Apa Aku Mengenalnya?

Sebuah Catatan Kecil
Oleh: Firdaus Putra A.

*
Pagi sampai siang hari tadi (28 Januari 2008) seluruh stasiun televisi secara langsung menyiarkan proses pemakaman almarhum Soeharto, mantan Presiden RI ke-2. Turut serta meramaikan, media cetak seolah tidak mau ketinggalan menyajikan informasi terkait almarhum. Seluruh lika-liku semasa hidupnya menjadi tulisan yang menguntai ribuan kata. Mulai dari karir militer, sampai masa saat almarhum menjabat menjadi Presiden RI.

Mengikuti nalar cover both side, beberapa orang diminta testimoninya terhadap almarhum. Ada yang mencibir terkait keotoriterannya selama menjabat. Ada pula yang menyanjungnya. Para tokoh nasional pun angkat bicara. Tidak ketinggalan masyarakat biasa. Terlepas dari sisi kontroversialnya, pemakaman almarhum disaksikan oleh jutaan pasang mata.

Pagi sampai siang tadi pun saya turut serta menyaksikan. Meskipun hanya melalui layar televisi. Prosesi “mengantar ke dunia lain” itu seakan menghipnotis masyarakat. Entah karena jasanya, kharismanya, benci terhadapnya atau sekedar mengisi waktu luang. Yang jelas, untuk beberapa saat, prosesi siang itu sejenak menghentikan aktivitas normal masyarakat.

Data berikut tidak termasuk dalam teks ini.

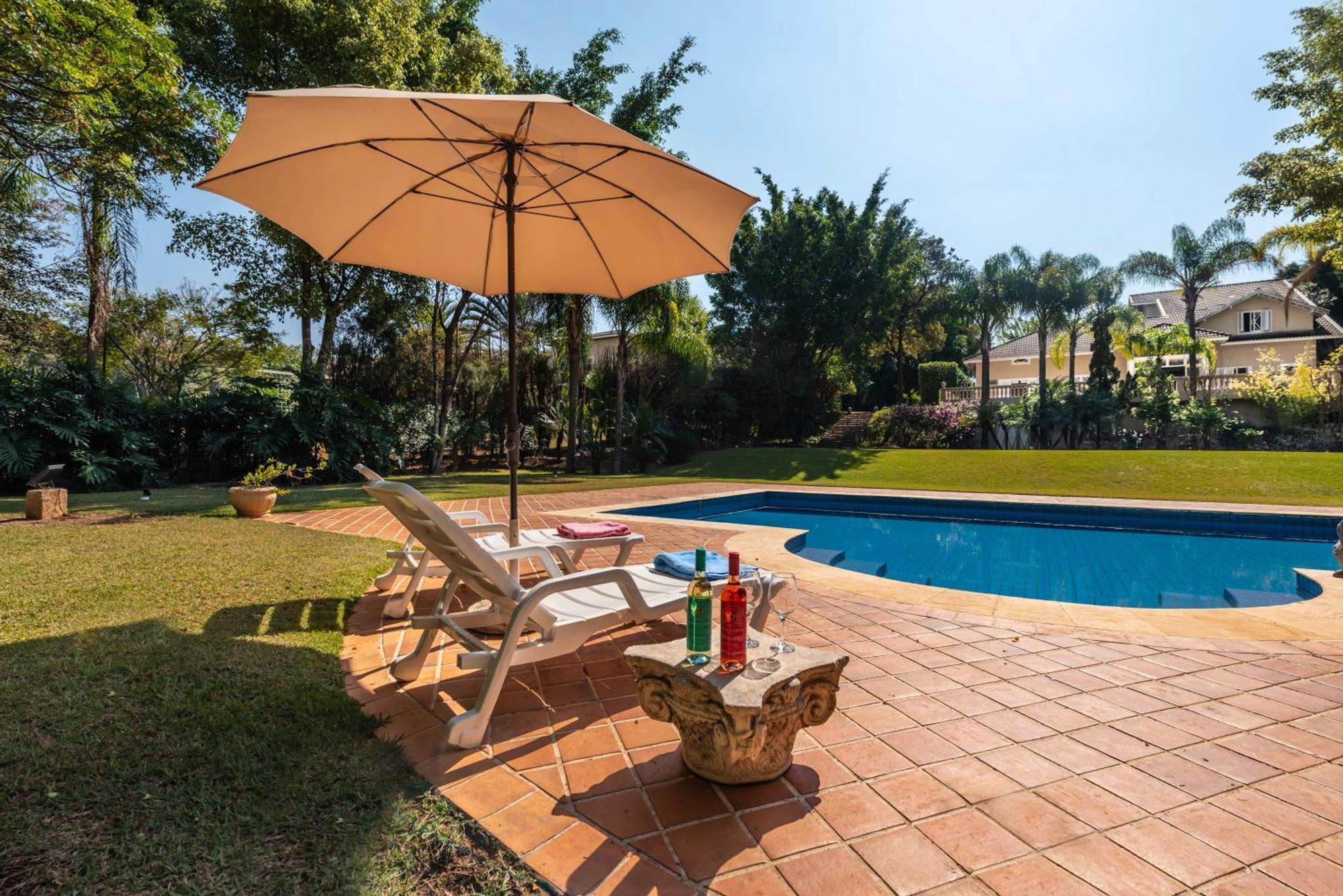 Fazenda Vila Real - Grande E Charmosa Casa De Campo Itu Kültér fotó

Sebenarnya hal ini wajar. Wajar ketika almarhum merupakan salah satu pemimpin bangsa. Atau wajar pula ketika semenjak tanggal 4 Januari 2008 berita sakitnya almarhum sedemikian rupa menyihir media untuk menjadikannya sebagai head line di beberapa pemberitaan. Ada beberapa kondisi yang memungkinkan sampai prosesi pemakaman tersebut menarik perhatian banyak orang. Entah sadar atau tidak.

**
Dulu, saat saya masih duduk di bangku Sekolah Dasar (SD), suatu tempo dikabarkan Presiden Soeharto akan melewati jalan raya Wiradesa – Kajen. Kami, kurang lebih pukul 06.30 WIB, dipersiapkan berbaris ditepi jalan. Kami juga dibekali dengan bendera Merah Putih berukuran kecil yang dipasang di sebilah bambu. Saat itu semuanya mengenakan seragam Merah Putih. Saya masih ingat. Dan sayangnya rombongan Presiden dikabarkan menggunakan rute lain. Kami kecewa. Atau saat itu kami belum tahu apa artinya kecewa. Yang kami tahu paska perubahan rute, akhirnya belajar-mengajar dipulangkan lebih awal. Kami senang.

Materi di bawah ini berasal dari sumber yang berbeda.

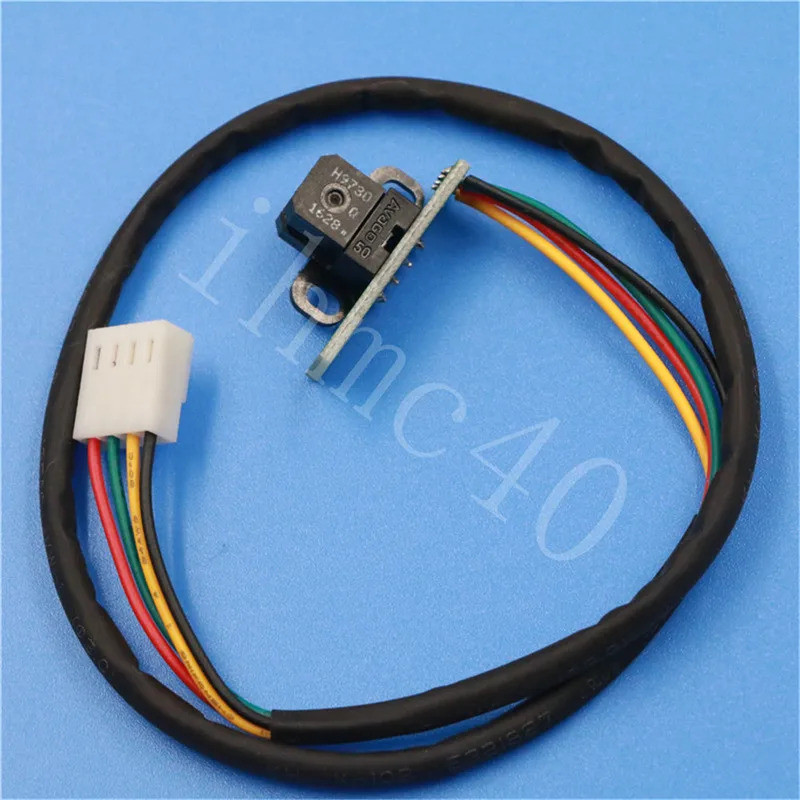 Infiniti Inkjet Printer Encoder Sensor H9730 Raster ถอดรหัส 180LPI ตะแกรงตัวเหนี่ยวนําสําหรับเครื่อง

Secara langsung mungkin itu pengalaman saya dengan almarhum. Dan itu pun gagal. Selebihnya saya kenal melalui buku pelajaran; PSPB, PMP, Sejarah dan sebagainya. Saat itu saya mengenalnya sebagai sosok yang heroik. Pejuang untuk bangsa dan negara. Bapak Pembangunan yang telah berjasa besar terhadap negeri. Dan seterusnya. Saya masih ingat persis, bahwa saya pernah berpikir, “Apa jadinya negara ini tanpa Pak Harto?”. Pikiran ini muncul ketika Ibu Tien dikabarkan meninggal dunia.

Nampaknya cerita itu mulai berubah ketika saya memasuki SMP. Reformasi bergulir. Saat itu, saya pun kurang begitu paham apa itu reformasi. Juga kurang begitu paham terhadap tuntutan para mahasiswa yang menduduki gedung MPR/DPR RI. Baru setelah akhir SMP dan memasuki SMA, saya mulai bisa mencerap duduk masalah yang sebenarnya.

Dan benar, cerita itu berubah total. Di masa SD, saya begitu rupa menyanjungnya. Dan berubah ketika memasuki masa SMA. Meskipun pemahaman itu cukup terlambat. Tapi, itulah gambaran yang saya kenal dari almarhum, dari masa ke masa. Berubah, tidak tetap.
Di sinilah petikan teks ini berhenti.